EndNote X9.3.3 for Windows & Mac, released 28 April 2020.  Library files (i.e.'' citation databases) created with this version are in a different format to previous versions. Earlier versions of EndNote may not be able to read library files created with this version of EndNote.
EndNote X9.2 for Windows & Mac, released 11 June 2019.
EndNote X9.1.1 for Mac, released 29 March 2019.
EndNote X9.1 for Windows & Mac, released 12 March 2019.
EndNote X9 for Windows & Mac, released 1 August 2018.
EndNote X8.2 for Windows, released 9 January 2018.
EndNote X8 for Windows & Mac, released 8 November 2016.
EndNote X7.5 for Windows & Mac, released 2 February 2016.
EndNote X7.4 for Windows & Mac, released 11 August 2015.
EndNote X7.3 for Windows & Mac, released 1 April 2015.
EndNote X7.2 for Windows & Mac, released 30 September 2014.
EndNote X7.1 for Windows & Mac, released 2 April 2014.
EndNote X7.0.1 for Mac, released 13 November 2013.
EndNote X7.0.2 for Windows, released 23 October 2013.
EndNote X7 for Mac, released July 2013.
EndNote X7 for Windows, released 20 May 2013; Compatible with Microsoft Word 2013.
EndNote X6 for Windows, released 6 August 2012; EndNote X6 for Mac, released Q4 2012, compatible with OS X 10.8.
EndNote X5 for Mac, released September 2011, introduced official compatibility with OS X 10.7 Lion.
EndNote X5 for Windows, released 21 June 2011. Compatible with Microsoft Word 2010
EndNote X4 for Mac, released 23 August 2010. Introduced official compatibility with Mac OS X 10.6 Snow Leopard. Initially not compatible with Microsoft Office 2011, a compatibility update was subsequently made available on the EndNote website.
EndNote X4 for Windows, released 15 June 2010. Introduced official compatibility with Microsoft Windows 7. Introduced official compatibility with Microsoft Word 2010 (required an update via Help -> Program Updates, or directly from the Endnote website).
EndNote X3 for Mac, released 26 August 2009. Not compatible with Microsoft Word 2011. EndNote X3 and later are not supported on systems running Mac OS X 10.4 Tiger.
EndNote X3 for Windows, released 17 June 2009. Not compatible with Microsoft Word 2010; Word 2010 cannot be started without disabling the EndNote Addin.
EndNote X2 for Mac, released 3 September 2008.
EndNote X2 for Windows, released 11 June 2008. The "Cite While You Write" feature in EndNote X2 was originally not compatible with 64-bit versions of Windows, but a patch can fix this issue. Last update: Version 12.0.4 (build 4459).
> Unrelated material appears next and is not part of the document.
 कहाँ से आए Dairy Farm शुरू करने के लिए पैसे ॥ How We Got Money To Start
EndNote X1 for Mac, released 21 August 2007. The Cite While You Write feature of EndNote X1 for Mac OS was originally only compatible with Word 10.1.2-10.1.6 and Word 2004. Due to changes in the way third party addins were supported in Word 2008, Cite While You Write was not natively compatible with Word 2008. A patch was released on June 26, 2008 that restored cite while you write functionality to Word 2008.
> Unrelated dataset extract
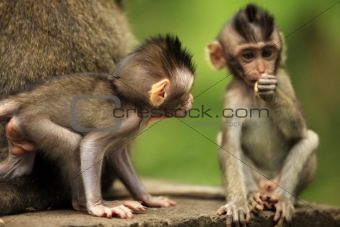 Childs of monkeys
EndNote X1 for Windows, released 20 August 2007. EndNote X1 and later are compatible with Windows Vista.
EndNote X for Mac, released 25 August 2006. EndNote X and later are "Universal applications" that execute natively on both PPC and Intel-based Macs. Introduced compatibility with Mac OS X 10.5 Leopard. EndNote libraries that have been opened and used with EndNote version X or greater should not be subsequently used with an EndNote version earlier than version X.
EndNote X for Windows, released 9 June 2006. EndNote libraries that have been opened and used with EndNote version X or greater should not be subsequently used with an EndNote version earlier than version X.
EndNote 9 for Mac, released 29 August 2005. Introduced compatibility with Mac OS X 10.4 Tiger. Due to major compatibility issues, it is not recommend to run EndNote 9 or earlier on OS X 10.5 Leopard.
EndNote 9 for Windows, released 21 June 2005.
EndNote 8 for Mac, released 30 November 2004. Introduced compatibility with Mac OS X 10.3 Panther.
EndNote 8 for Windows, released 21 June 2004.
EndNote 7 for Mac, released 26 August 2003. Not certified compatible with OS X 10.3 Panther (users can install and run EndNote 7 on a Panther system, but there are some minor compatibility issues).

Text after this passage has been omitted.